O Tempo das Pirâmides
O Nilo fértil
«Em tais condições, podemos estimar a superfície do Egipto do tempo das
pirâmides em aproximadamente 8000 km2. As inundações são um fenómeno
natural, que engrossa o Nilo com a chuva da monção, vinda anualmente da Etiópia
em meados de Julho para cobrir a planície com cerca de metro e meio de água. Quando,
pelo Outono, o rio torna ao seu leito, as cheias depuseram nas terras
alagadiças um manto de lodo fértil cuja presença favorece a eclosão de uma
agricultura extensiva, de uma economia próspera e de um modo de vida
específico. A partir do III milénio, a estação húmida que dotava o clima do
Egipto de uma pluviosidade fraca mas regular vai-se atenuando pouco a pouco e
dá lugar a uma aridez semelhante à de hoje. De um modo geral, o sol brilha
todos os dias; as raras chuvas e tempestades não escurecem o céu mais do que
algumas horas por ano.
Estas intempéries são então sentidas como manifestações ameaçadoras das
forças maléficas e o regresso do sol assinala a vitória do bem sobre o mal. Os
Egípcios cedo elaboram um calendário de 365
dias repartidos por doze meses lunares. É graças à regularidade das cheias do
Nilo e às observações dos astrónomos que chegam a esse resultado, necessário à
organização das colectas fiscais destinadas a alimentar assiduamente os
celeiros do Estado. O ano novo coincide com
o nascimento helíaco da estrela do Cão, a nossa Sírio, que
ressurge anualmente a leste ao nascer do sol, acompanhando os primeiros sinais das
cheias, por volta de 19 de Julho.
Os três grandes períodos agrícolas do Egipto, ritmados pelas cheias do
rio, determinam as estações. A primeira é a da inundação (akhet), que cobre as terras de meados de
Julho a meados de Novembro, trazendo a água salvadora nos dias mais quentes do
ano. Segue-se a estação do ressurgimento (peret), ou seja, do retorno das águas ao seu leito e do reaparecimento
dos campos, agora ensopados. É durante esta estação, de meados de Novembro a
meados de Março, que os camponeses trabalham a terra. De meados de Março a
meados de Julho, é a estação da seca (shemu), que marca o fim das colheitas, altura em que a terra fica
gretada e o rio desce ao seu nível mais baixo.
O nascimento da escrita
Para registar datas e acontecimentos, cálculos ou belas narrativas, depressa
se fez sentir a necessidade um sistema de notação gráfica, permitindo o desenvolvimento
da escrita hieroglífica, ao mesmo tempo que nascia a civilização faraónica.

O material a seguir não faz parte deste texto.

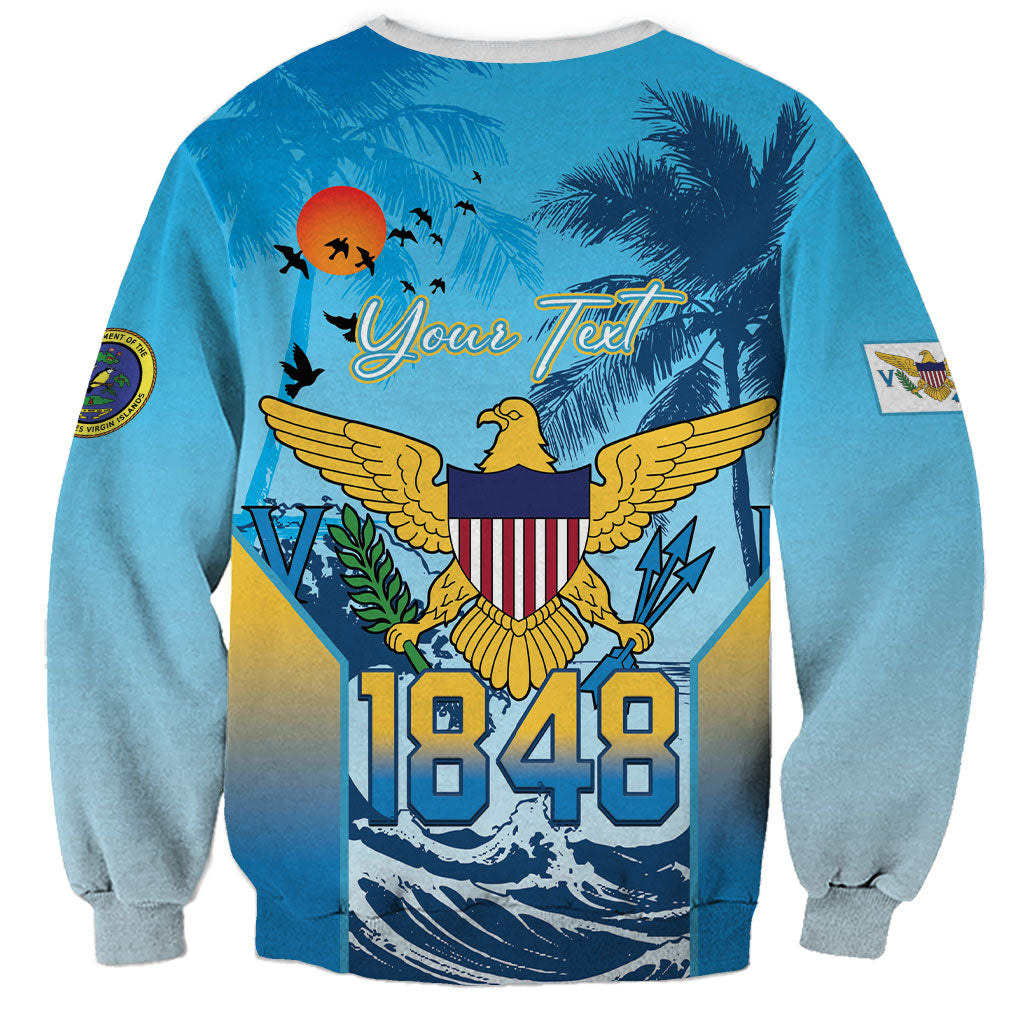 US Virgin Islands Independence Day Personalized Sweatshirt 1848 Proud Palm Tropical Style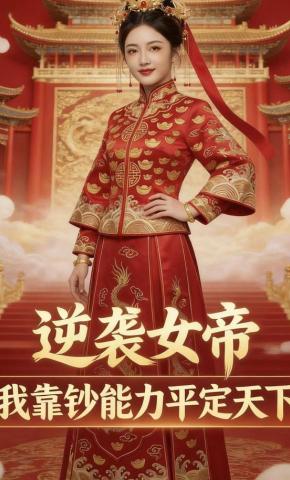 短剧《逆袭女帝我靠钞能力平定天下》海报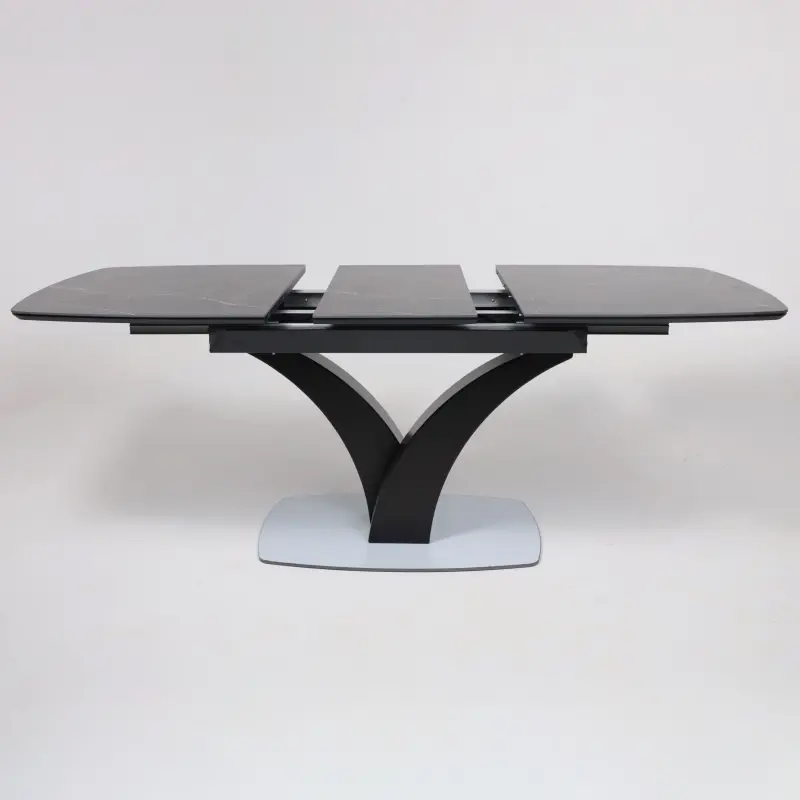 Стол НОТР ДАМ MODERNE, керамика 0 кат. 1400(1800)*850, Камень черный Greys Black /Черный матовый_preview_24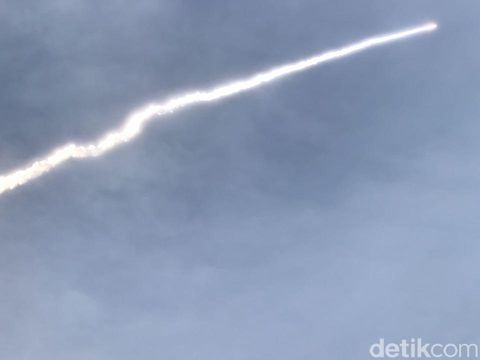 Begini Proses Satelit Telkom 3S Terbang Menuju Orbit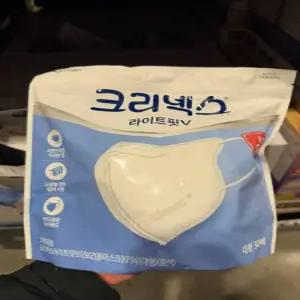 크리넥스 라이트핏V 마스크 KF94 대형 30매 2팩 (60매)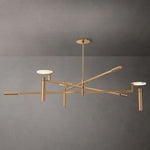 Halver Alabaster Dome Round Chandelier 60"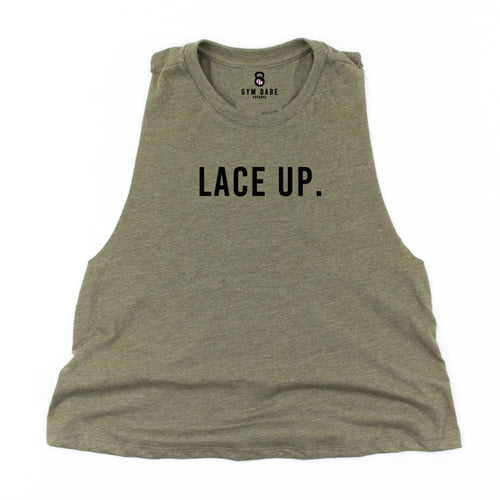 Lace Up Crop Top - Gym Babe Apparel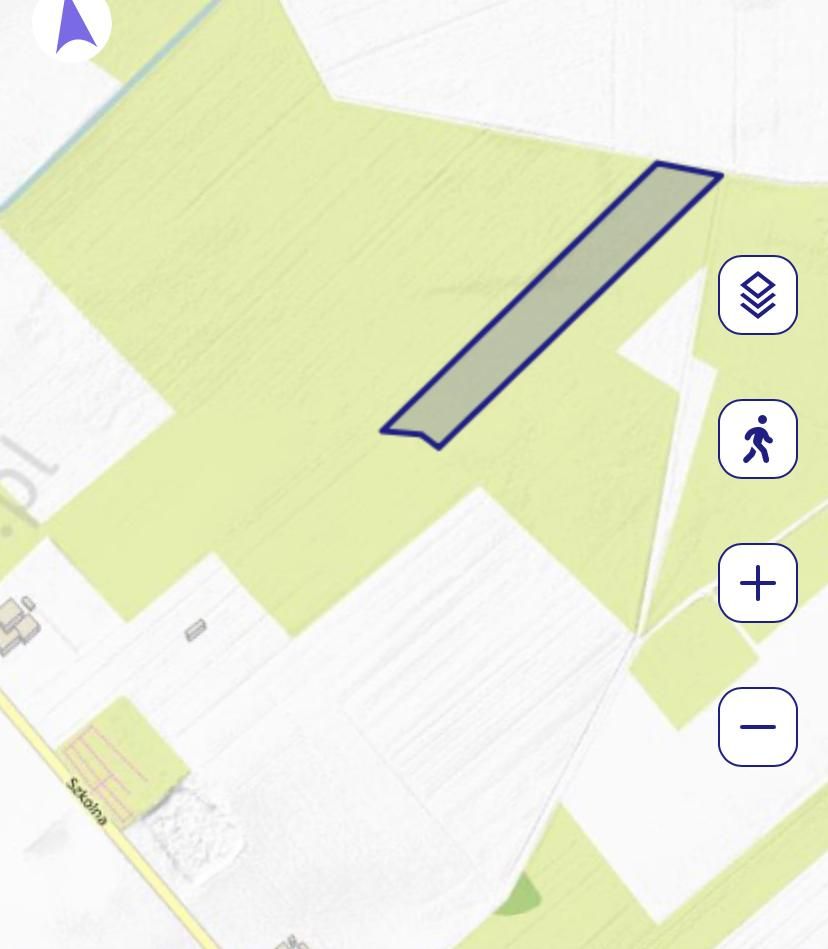 Działka rolna Radzików Wielki, ul. Szkolna. Zdjęcie 5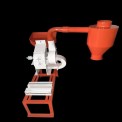 Automatic 2 HP Vertical 18 Inch Flour Mill Machine, 30 kg/hr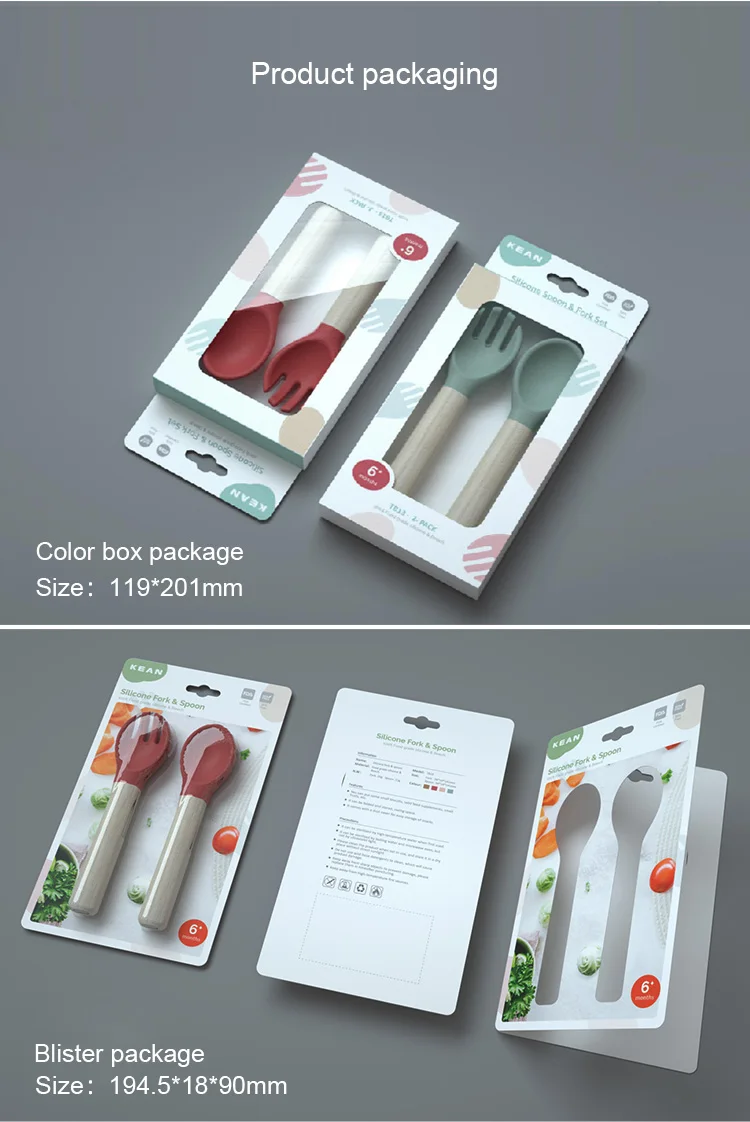 High Quality Infant Training Plate Bib Spoon Set Small Wooden Baby Fork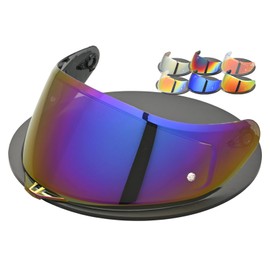 Logto Compatible With Upgrade Agv K1 Visor Replacement K3SV K5 Face Upgrade Shield Tinted Visor Helmet Accessories (Rainbow)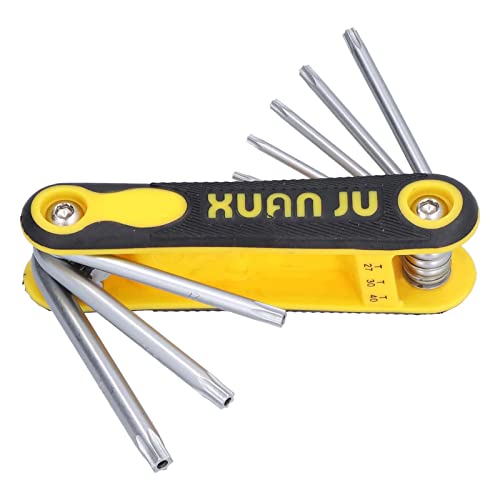 SK-289 8-in-1 Vouwmoersleutel, inklapbare torxsleutelset T9 T10 T15 T20 T25 T27 T30 en T40, draagbare combinatiesleutelset reparatiegereedschap 5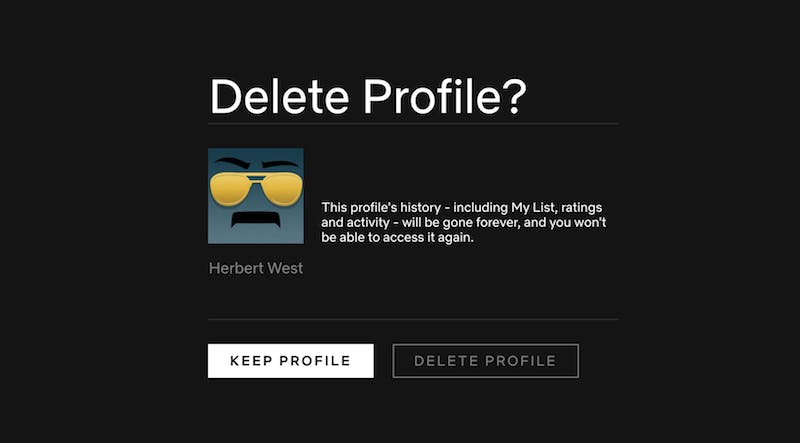 how to delete watch history on netflix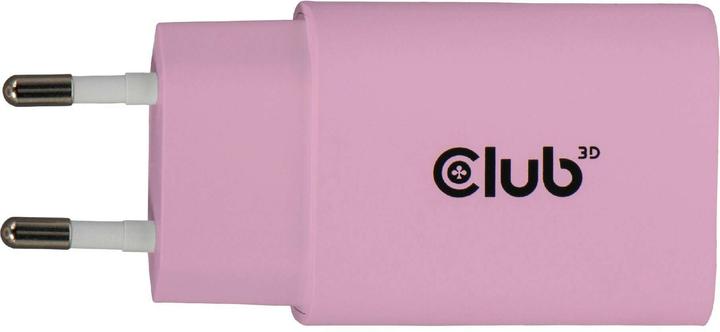 Actual product image Club 3D Club3D Lifestyle Ladegerät USB-C 30Watt, 2Stk pink retail (30 W, 1 portion)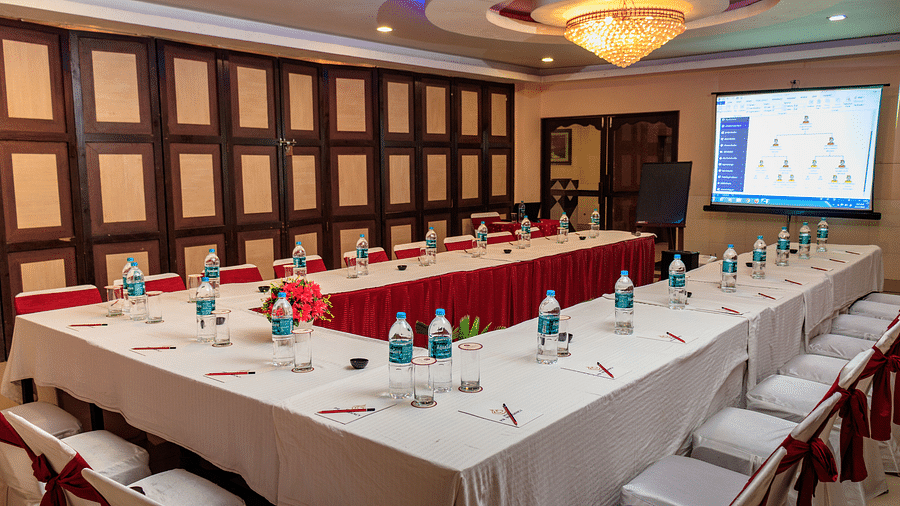 Banquet Hall with u-shaped seating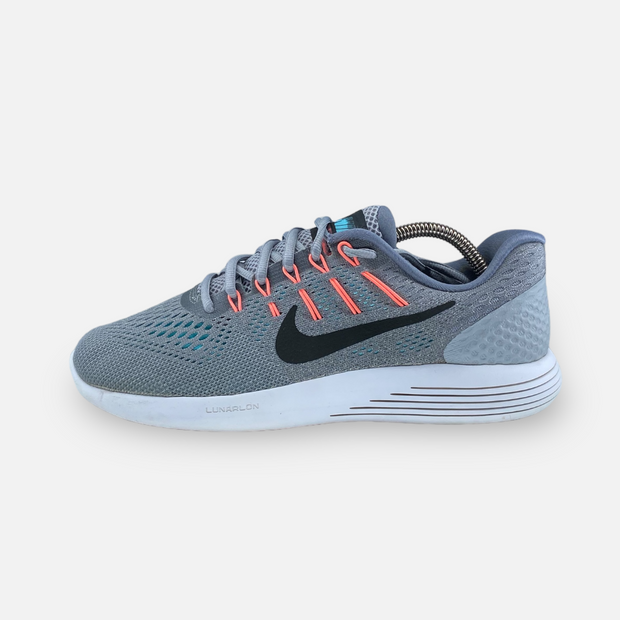 Nike Lunarglide 8 Wolf Grey Citrus - Maat 40.5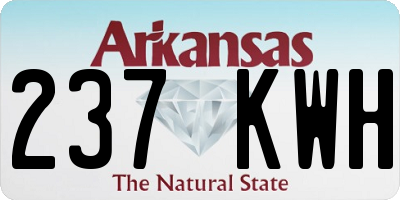 AR license plate 237KWH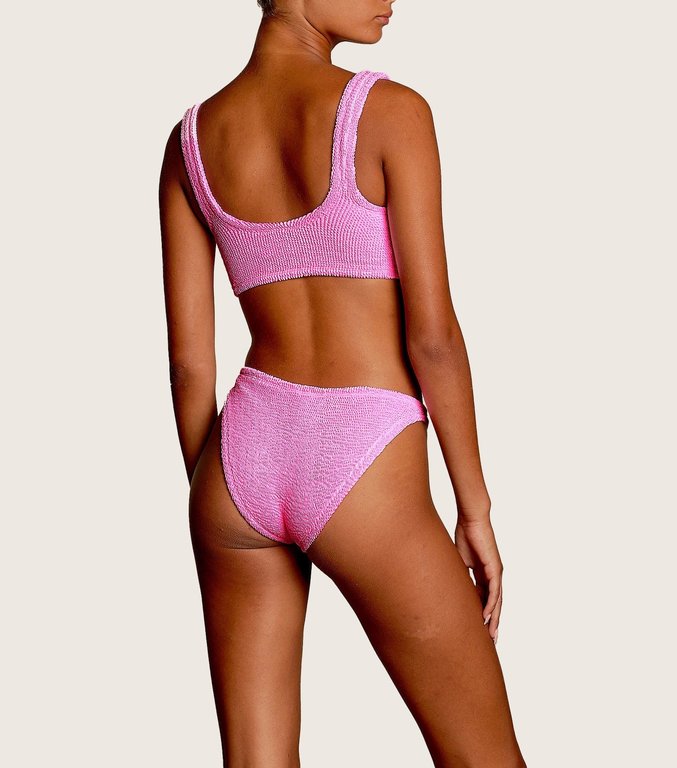 HUNZA G HUNZA G XANDRA 2PC  BIKINI CRINKLE BUBBLEGUM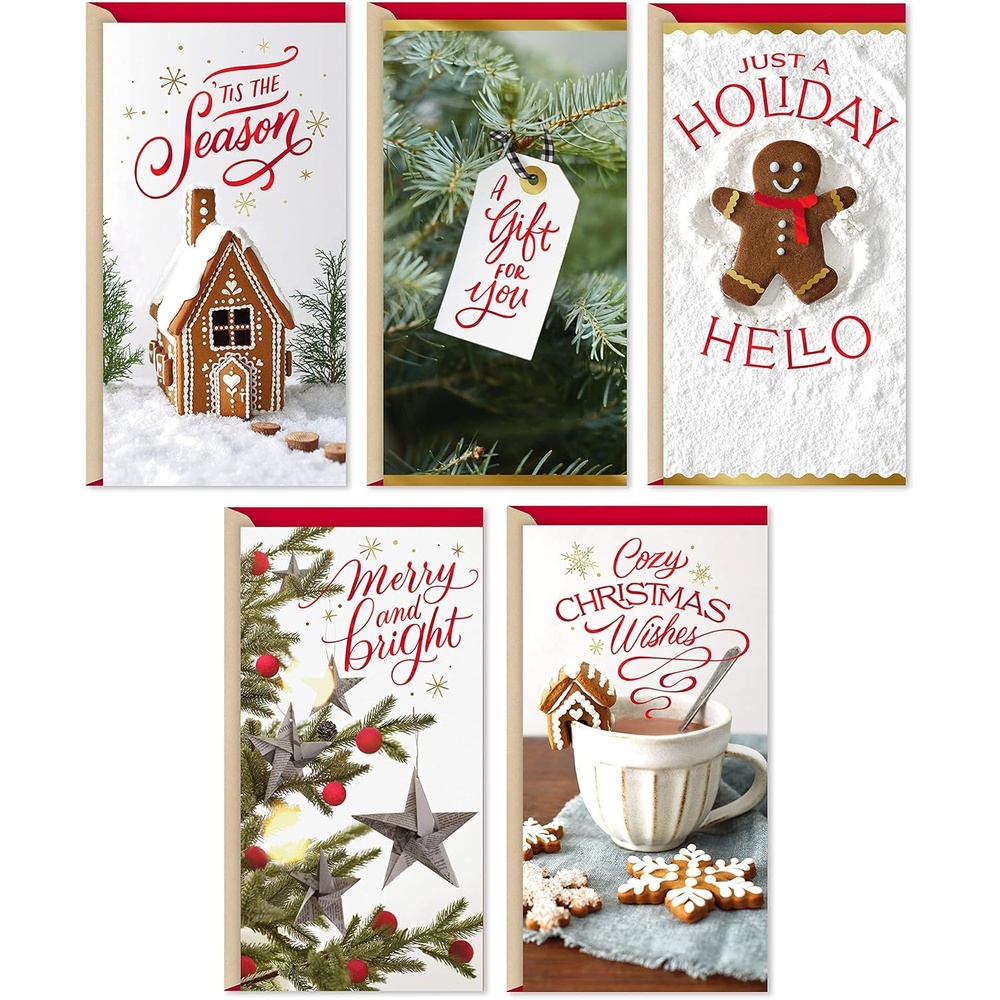 image:imageHallmark Cute Christmas Card Assortment 16 Cards and Envelopes Warm Wishes Let it GlowHoliday Photos  Pack of Assorted Money Holders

Incorrectamente baptizados hieróglifos (escrita sagrada) pelos Gregos, os sinais utilizados são pictogramas
cujo desenho representa uma realidade concreta do ambiente egípcio: fauna,
flora, edifícios, móveis e, naturalmente, seres humanos e divindades. Se, por
exemplo, o texto que se quer escrever contém as palavras gato e criança,
desenha-se um gato ou uma criança, empregando um sinal-palavra, ou
ideograma. Porém, para exprimir ideias abstractas, como pensar, amar,
ou estar
triste, o sistema ideográfico não serve. A dificuldade é então
contornada através do emprego dos mesmos sinais, não para representar o objecto
que figuram, mas pelo seu valor fonético. Assim, o pictograma do olho
(que se pronuncia ir) surge na
palavra olho enquanto ideograma e entra na composição escrita da
palavra irtyw, azul, enquanto fonograma».
In
Guillemette Andreu, L’Egypte au Temps des Pyramides, Hachette Littérature,
1999, A Vida Quotidiana no Egipto no Tempo das Pirâmides, Edições 70, Lisboa,
colecção de História Narrativa, 2005, ISBN 972-44-1237-7.